IEEE Trans Cybern. 2013 Aug;43(4):1265-76. doi: 10.1109/TSMCB.2012.2227998.
For clustering biomedical documents, we can consider three different types of information: the local-content (LC) information from documents, the global-content (GC) information from the whole MEDLINE collections, and the medical subject heading (MeSH)-semantic (MS) information. Previous methods for clustering biomedical documents are not necessarily effective for integrating different types of information, by which only one or two types of information have been used. Recently, the performance of MEDLINE document clustering has been enhanced by linearly combining both the LC and MS information. However, the simple linear combination could be ineffective because of the limitation of the representation space for combining different types of information (similarities) with different reliability.
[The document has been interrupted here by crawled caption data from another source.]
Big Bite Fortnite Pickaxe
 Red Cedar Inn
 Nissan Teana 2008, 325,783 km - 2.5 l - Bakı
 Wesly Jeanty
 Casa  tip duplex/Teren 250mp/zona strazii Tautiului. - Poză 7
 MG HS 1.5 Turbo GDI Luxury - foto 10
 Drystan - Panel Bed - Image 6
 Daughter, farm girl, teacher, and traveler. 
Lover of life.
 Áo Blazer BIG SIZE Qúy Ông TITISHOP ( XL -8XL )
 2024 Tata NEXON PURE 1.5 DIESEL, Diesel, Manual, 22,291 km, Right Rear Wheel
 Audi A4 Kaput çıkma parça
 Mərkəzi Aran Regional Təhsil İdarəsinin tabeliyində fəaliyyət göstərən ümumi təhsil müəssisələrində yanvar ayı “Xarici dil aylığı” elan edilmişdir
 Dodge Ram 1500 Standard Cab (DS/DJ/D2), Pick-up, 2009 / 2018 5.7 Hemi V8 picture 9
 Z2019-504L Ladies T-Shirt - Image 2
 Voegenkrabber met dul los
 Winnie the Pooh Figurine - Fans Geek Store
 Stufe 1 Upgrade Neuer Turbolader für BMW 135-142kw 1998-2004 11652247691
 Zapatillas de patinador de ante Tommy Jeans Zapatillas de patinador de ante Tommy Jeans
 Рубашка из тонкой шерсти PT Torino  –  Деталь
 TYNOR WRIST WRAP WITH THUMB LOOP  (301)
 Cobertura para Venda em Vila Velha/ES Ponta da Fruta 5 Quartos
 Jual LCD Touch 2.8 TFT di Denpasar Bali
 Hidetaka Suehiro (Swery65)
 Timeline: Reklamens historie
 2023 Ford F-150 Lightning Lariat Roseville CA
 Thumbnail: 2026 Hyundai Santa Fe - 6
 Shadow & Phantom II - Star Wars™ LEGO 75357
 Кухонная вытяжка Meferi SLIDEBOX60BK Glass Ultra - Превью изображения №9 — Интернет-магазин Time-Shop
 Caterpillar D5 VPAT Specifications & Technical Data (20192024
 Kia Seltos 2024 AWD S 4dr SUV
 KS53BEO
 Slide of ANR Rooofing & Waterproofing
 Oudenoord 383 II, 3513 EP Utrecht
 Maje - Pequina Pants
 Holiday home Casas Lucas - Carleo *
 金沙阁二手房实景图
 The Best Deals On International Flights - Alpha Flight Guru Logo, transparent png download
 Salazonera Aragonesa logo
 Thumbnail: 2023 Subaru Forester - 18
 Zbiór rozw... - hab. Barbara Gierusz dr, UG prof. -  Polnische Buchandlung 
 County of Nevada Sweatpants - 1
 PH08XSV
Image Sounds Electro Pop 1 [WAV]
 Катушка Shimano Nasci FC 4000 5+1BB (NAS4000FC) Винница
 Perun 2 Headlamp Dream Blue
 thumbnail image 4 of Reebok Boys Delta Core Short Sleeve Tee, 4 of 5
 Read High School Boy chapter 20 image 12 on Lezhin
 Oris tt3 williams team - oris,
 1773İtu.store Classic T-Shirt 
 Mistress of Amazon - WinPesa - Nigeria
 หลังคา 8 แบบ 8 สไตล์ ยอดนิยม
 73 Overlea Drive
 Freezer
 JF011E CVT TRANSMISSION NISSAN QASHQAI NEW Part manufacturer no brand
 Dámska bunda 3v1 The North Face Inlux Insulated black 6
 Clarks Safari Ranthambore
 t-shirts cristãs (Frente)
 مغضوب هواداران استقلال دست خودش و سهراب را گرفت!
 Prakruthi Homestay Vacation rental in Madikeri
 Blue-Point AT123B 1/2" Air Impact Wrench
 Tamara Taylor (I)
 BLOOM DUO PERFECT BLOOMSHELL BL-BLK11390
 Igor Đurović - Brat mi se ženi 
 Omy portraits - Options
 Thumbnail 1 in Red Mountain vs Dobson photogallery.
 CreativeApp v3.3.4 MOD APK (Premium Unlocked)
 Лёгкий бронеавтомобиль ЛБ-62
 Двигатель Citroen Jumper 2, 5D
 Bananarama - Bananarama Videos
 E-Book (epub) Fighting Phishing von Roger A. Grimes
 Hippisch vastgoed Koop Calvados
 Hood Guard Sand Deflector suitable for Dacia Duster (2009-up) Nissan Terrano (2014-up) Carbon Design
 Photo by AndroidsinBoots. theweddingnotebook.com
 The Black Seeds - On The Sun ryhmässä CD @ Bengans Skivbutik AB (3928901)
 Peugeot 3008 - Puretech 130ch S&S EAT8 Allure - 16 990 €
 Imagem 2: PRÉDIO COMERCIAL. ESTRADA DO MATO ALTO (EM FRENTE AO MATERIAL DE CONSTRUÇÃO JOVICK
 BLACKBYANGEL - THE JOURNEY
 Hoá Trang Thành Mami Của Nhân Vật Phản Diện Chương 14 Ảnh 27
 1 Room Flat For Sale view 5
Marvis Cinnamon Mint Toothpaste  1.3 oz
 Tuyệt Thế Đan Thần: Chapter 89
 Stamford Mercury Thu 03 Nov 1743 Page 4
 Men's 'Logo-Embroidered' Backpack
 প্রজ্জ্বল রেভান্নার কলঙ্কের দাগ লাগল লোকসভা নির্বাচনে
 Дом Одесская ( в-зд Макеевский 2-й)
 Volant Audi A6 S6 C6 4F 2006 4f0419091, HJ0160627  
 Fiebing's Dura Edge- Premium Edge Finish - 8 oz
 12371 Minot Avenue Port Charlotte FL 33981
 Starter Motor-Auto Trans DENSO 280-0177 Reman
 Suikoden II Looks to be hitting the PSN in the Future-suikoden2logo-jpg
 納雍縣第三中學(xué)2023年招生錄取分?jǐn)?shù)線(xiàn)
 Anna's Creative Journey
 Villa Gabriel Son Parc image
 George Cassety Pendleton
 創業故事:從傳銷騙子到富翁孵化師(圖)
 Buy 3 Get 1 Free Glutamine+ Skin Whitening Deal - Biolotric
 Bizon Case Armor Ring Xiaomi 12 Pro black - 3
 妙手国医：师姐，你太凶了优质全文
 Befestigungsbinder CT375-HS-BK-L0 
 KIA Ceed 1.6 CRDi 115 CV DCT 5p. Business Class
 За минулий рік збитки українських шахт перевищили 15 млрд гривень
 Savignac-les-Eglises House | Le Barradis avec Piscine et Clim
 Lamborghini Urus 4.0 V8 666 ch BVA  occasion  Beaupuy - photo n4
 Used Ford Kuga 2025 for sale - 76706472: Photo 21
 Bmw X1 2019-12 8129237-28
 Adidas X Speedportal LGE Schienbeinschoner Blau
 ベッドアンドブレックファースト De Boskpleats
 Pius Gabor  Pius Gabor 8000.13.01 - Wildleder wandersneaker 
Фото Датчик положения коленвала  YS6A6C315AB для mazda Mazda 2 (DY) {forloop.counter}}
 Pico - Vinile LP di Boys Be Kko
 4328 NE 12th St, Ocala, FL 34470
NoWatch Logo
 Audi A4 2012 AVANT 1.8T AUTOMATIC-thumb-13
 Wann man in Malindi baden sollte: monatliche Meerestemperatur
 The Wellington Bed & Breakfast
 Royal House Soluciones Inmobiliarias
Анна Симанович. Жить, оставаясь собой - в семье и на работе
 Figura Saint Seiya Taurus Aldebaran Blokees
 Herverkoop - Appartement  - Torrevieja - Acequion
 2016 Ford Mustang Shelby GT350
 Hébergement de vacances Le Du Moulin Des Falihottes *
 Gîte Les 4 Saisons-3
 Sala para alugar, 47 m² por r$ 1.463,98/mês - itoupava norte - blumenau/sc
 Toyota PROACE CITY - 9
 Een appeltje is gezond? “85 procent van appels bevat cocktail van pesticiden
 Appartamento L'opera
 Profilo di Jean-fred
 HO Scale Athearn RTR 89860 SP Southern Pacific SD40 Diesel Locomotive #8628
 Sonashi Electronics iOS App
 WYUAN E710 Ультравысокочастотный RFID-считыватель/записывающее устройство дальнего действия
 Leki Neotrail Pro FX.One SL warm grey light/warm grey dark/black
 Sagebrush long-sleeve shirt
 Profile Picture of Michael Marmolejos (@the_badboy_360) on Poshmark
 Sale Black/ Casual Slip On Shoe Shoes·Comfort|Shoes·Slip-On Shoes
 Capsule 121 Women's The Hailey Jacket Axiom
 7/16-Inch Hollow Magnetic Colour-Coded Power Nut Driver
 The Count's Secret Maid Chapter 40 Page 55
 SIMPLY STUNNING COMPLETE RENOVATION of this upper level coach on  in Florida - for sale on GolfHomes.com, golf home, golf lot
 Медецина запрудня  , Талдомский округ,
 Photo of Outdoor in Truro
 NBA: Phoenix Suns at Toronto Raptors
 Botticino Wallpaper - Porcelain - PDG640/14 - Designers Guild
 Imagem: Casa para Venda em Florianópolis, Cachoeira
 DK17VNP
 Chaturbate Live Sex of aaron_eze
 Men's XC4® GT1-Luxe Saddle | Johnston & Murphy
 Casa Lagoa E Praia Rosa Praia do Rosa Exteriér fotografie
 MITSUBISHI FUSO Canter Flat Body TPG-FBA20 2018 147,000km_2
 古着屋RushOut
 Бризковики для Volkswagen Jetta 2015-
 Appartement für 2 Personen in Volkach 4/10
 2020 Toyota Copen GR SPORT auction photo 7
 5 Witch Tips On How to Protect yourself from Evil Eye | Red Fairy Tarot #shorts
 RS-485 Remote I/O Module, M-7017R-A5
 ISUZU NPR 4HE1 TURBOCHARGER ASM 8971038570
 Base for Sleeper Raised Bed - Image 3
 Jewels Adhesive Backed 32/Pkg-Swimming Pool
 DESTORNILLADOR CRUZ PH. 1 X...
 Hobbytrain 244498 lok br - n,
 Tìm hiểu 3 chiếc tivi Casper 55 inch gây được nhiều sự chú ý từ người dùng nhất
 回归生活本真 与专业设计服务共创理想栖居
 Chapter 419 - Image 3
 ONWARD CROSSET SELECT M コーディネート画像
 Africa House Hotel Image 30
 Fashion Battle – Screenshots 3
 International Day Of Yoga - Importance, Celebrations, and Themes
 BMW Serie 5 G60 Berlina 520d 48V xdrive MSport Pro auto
To overcome the limitation, we propose a new semisupervised spectral clustering method, i.e., SSNCut, for clustering over the LC similarities, with two types of constraints: must-link (ML) constraints on document pairs with high MS (or GC) similarities and cannot-link (CL) constraints on those with low similarities. We empirically demonstrate the performance of SSNCut on MEDLINE document clustering, by using 100 data sets of MEDLINE records. Experimental results show that SSNCut outperformed a linear combination method and several well-known semisupervised clustering methods, being statistically significant. Furthermore, the performance of SSNCut with constraints from both MS and GC similarities outperformed that from only one type of similarities. Another interesting finding was that ML constraints more effectively worked than CL constraints, since CL constraints include around 10% incorrect ones, whereas this number was only 1% for ML constraints.
对于生物医学文献的聚类,我们可以考虑三种不同类型的信息:来自文档的局部内容 (LC) 信息、来自整个 MEDLINE 集合的全局内容 (GC) 信息,以及医学主题词 (MeSH)-语义 (MS) 信息。以前用于聚类生物医学文档的方法不一定能有效地整合不同类型的信息,这些方法只使用了一种或两种类型的信息。最近,通过线性组合 LC 和 MS 信息,提高了 MEDLINE 文档聚类的性能。然而,由于组合不同类型信息(相似度)的表示空间有限且可靠性不同,简单的线性组合可能效果不佳。为了克服这一限制,我们提出了一种新的半监督谱聚类方法,即 SSNCut,用于对 LC 相似度进行聚类,并采用了两种约束:具有高 MS(或 GC)相似度的文档对的必须链接 (ML) 约束,以及具有低相似度的文档对的不可链接 (CL) 约束。我们通过使用 100 个 MEDLINE 记录数据集,对 SSNCut 在 MEDLINE 文档聚类中的性能进行了实证研究。实验结果表明,SSNCut 优于线性组合方法和几种著名的半监督聚类方法,且具有统计学意义。此外,同时使用 MS 和 GC 相似度约束的 SSNCut 性能优于仅使用一种相似度约束的 SSNCut。另一个有趣的发现是,ML 约束比 CL 约束更有效,因为 CL 约束中包含约 10%的错误约束,而 ML 约束中只有 1%。